First, model provenance: documentation showing that the model (Mistral 7B, Llama 3 or equivalent) was obtained from a known, auditable source, that no personal data was used in fine-tuning, and that the weights are stored within the controlled environment. Second, data flow confirmation: network logs showing that inference requests do not leave the on-premises perimeter, verified by firewall egress rules and absence of DNS queries to external AI provider endpoints. Third, the updated Article 30 record entry for the AI processing activity, generated from infrastructure logs rather than written by hand. Fourth, the Article 35 DPIA specific to the AI deployment, documenting the processing purpose, data categories involved, the absence of external data transfer, and the human oversight mechanism for any automated decisions informed by the AI output.
The global average cost of a data breach reached USD 4.45 million in 2023 (IBM Cost of a Data Breach Report, 2023), a figure that underscores why proactive audit readiness is less expensive than incident response. A DPO who can hand a supervisory authority a complete, consistent evidence package, drawn from live infrastructure rather than assembled retrospectively, is in a fundamentally stronger position during a CEF 2026 inspection than one who must reconstruct what happened from memory and stale documents.
FAQ
What exactly will the EDPB CEF 2026 investigate regarding transparency?
The EDPB CEF 2026 coordinated enforcement action is expected to focus on how organisations fulfil the layered information obligations in GDPR Articles 13 and 14, including whether privacy notices identify processors and sub-processors, state the legal basis for each processing purpose, disclose international transfers and the safeguards applied, and provide meaningful contact details for the data controller and DPO.
Does moving to a sovereign Nextcloud environment automatically satisfy GDPR transparency requirements?
No.

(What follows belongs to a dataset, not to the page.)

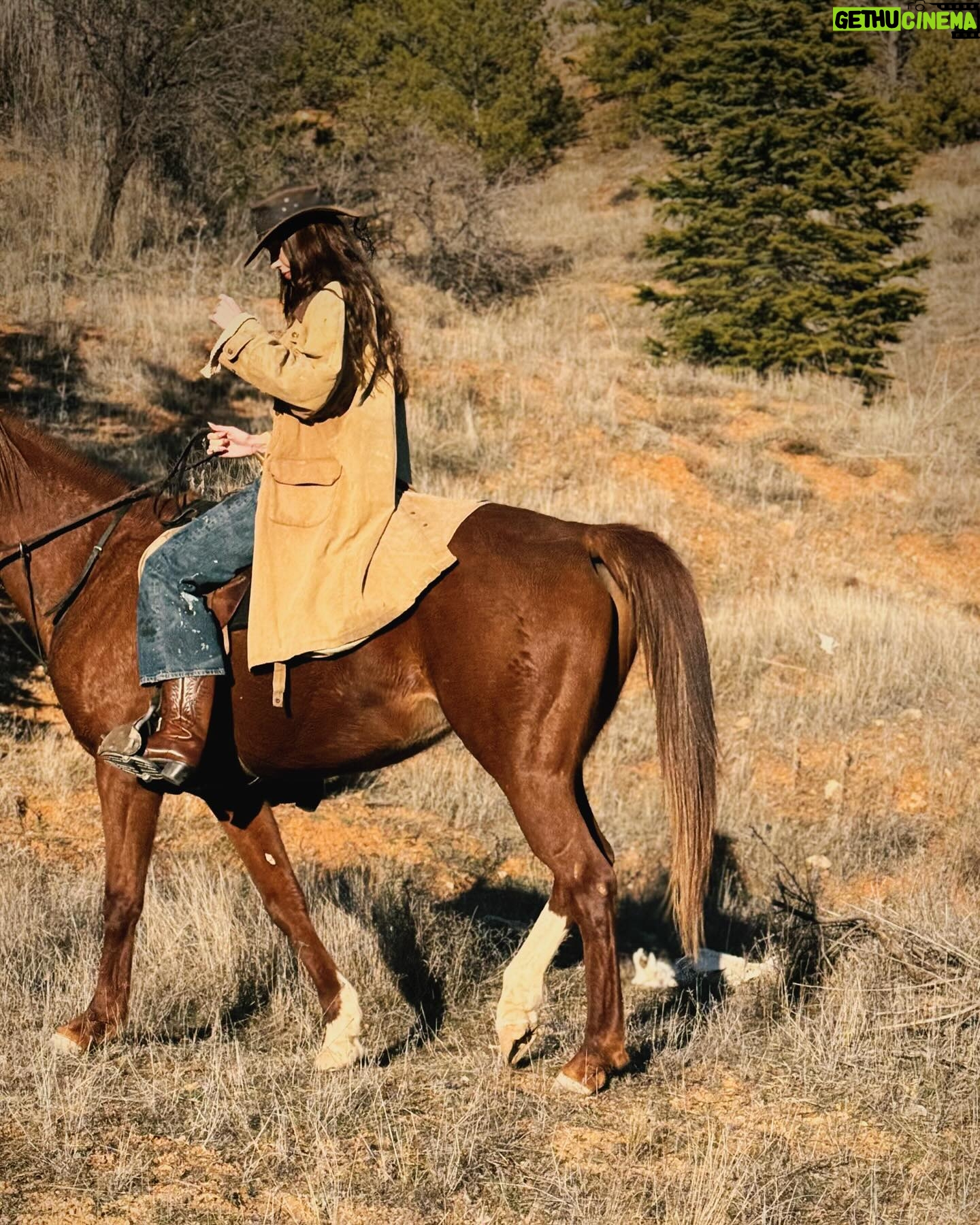 Dilan Çiçek Deniz Instagram - Yee-haw 🤠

The migration removes key legal risks, such as US CLOUD Act exposure and opaque sub-processor chains, but the organisation must still update its privacy notices, Article 30 records and DPIAs to reflect the new processing reality. Sovereignty simplifies the disclosure because there are fewer jurisdictions and sub-processors to explain, but the obligation to disclose clearly remains and must be actively maintained.
How does a DPIA for on-premises private AI differ from one covering a public cloud AI service?

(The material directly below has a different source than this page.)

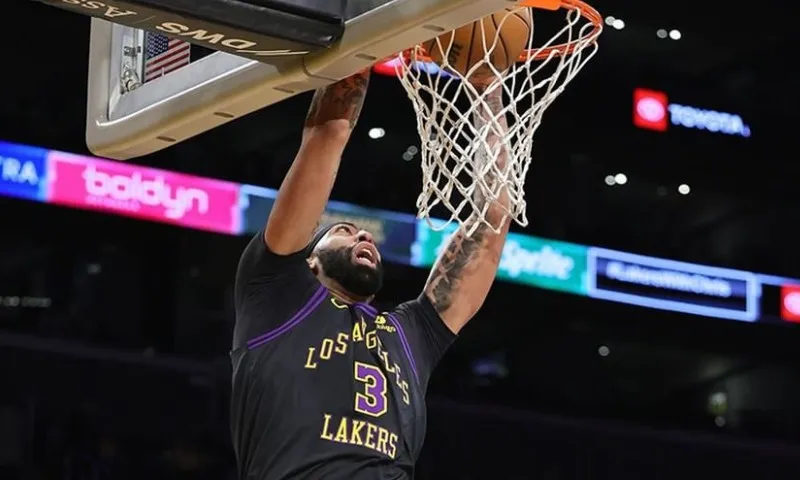 Imagem ilustrativa da imagem Anthony Davis brilha e Lakers vencem Raptors na NBA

A DPIA for on-premises private AI running on open-source models can demonstrate that data does not leave a controlled environment, that no training occurs on personal data without consent, and that no third-party processor has independent access. A DPIA for a public cloud AI service must address international transfers, the provider’s model-training policies, sub-processor chains and the risk that foreign intelligence law could compel access, all of which are residual risks that are difficult to fully mitigate contractually.

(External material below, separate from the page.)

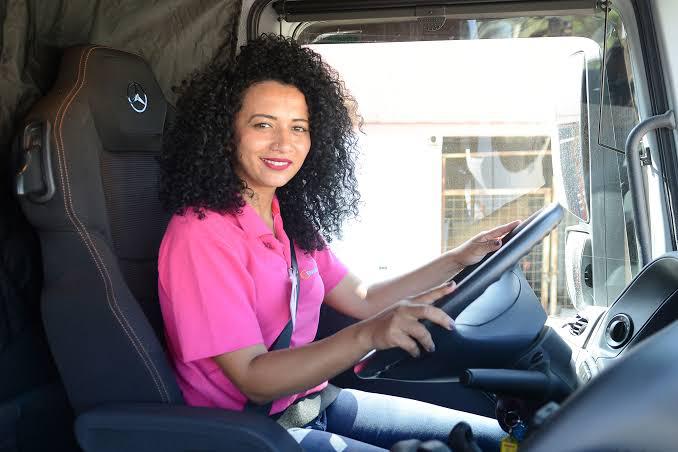 SETCESP realiza live sobre a presença das mulheres nas estradas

Can Article 30 records of processing be generated automatically rather than maintained in a spreadsheet?
Yes. Sovereign infrastructure platforms such as Nextcloud log every processing activity, user, data category and transfer destination in structured metadata. These logs can be exported or queried to populate Article 30 records continuously, ensuring the records reflect the actual state of processing rather than a point-in-time snapshot, which is precisely what a supervisory authority will compare against the privacy notice during a CEF inspection.
What happens if a supervisory authority finds that a privacy notice failed to disclose a processor change during a cloud migration?
Failure to update a privacy notice when a new processor is engaged, or when the processing location changes, is a direct violation of GDPR Articles 13(1)(e) and 14(1)(e), which require disclosure of recipients and any intended international transfers. Supervisory authorities can issue a reprimand, an order to bring processing into compliance, or a fine of up to €10 million or 2% of global annual turnover, whichever is higher, for infringements of these information obligations.